[WORK TO BE COMPLETED]
Output the data that follows exactly, line for line.

[AVAILABLE DATA]
==========

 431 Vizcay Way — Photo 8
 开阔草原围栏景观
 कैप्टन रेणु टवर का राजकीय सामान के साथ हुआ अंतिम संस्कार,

==========

[WRITTEN ANSWER]
 431 Vizcay Way — Photo 8
 开阔草原围栏景观
 कैप्टन रेणु टवर का राजकीय सामान के साथ हुआ अंतिम संस्कार,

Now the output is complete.